_Activity_
Restate word for word the section of the entries that opens at the line containing "New 2026 Jeep Grand Cherokee L 4WD image 7" and closes at the line containing "4-Zimmer-Erdgeschosswohnung in München", both lines kept, pictures dropped.

_Records for this task_

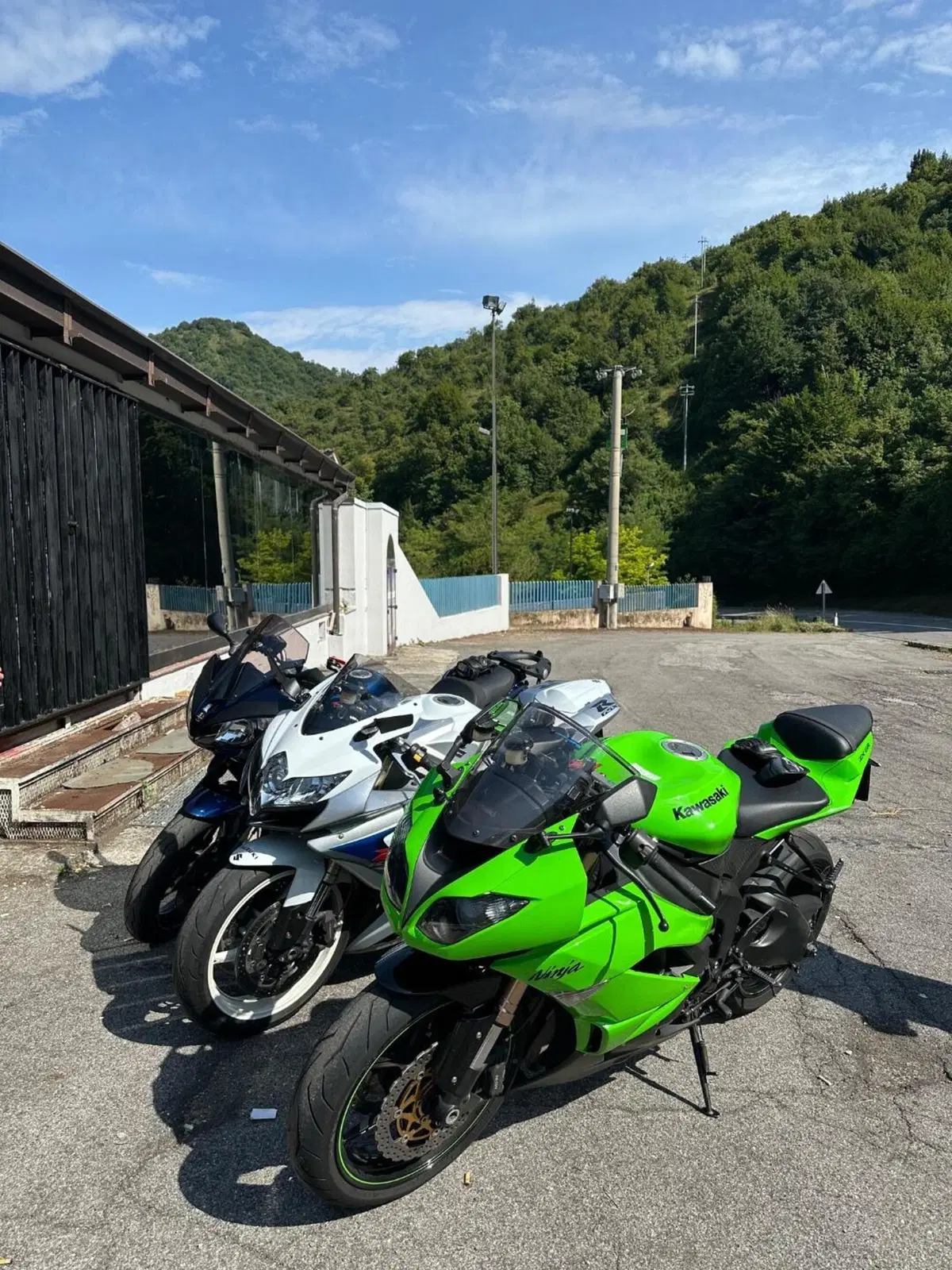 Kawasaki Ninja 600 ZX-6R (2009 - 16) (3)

* * *

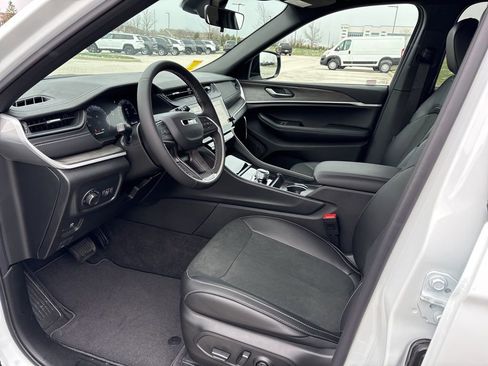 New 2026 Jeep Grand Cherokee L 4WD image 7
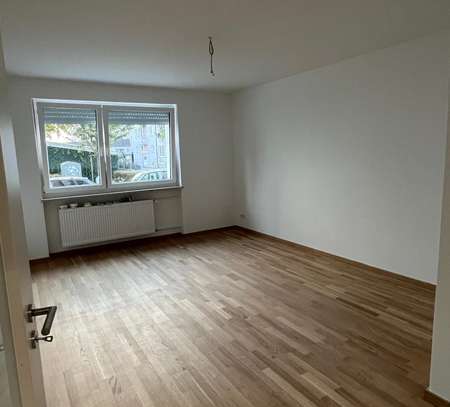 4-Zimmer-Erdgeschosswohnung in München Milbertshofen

_Final answer_
 New 2026 Jeep Grand Cherokee L 4WD image 7
 4-Zimmer-Erdgeschosswohnung in München Milbertshofen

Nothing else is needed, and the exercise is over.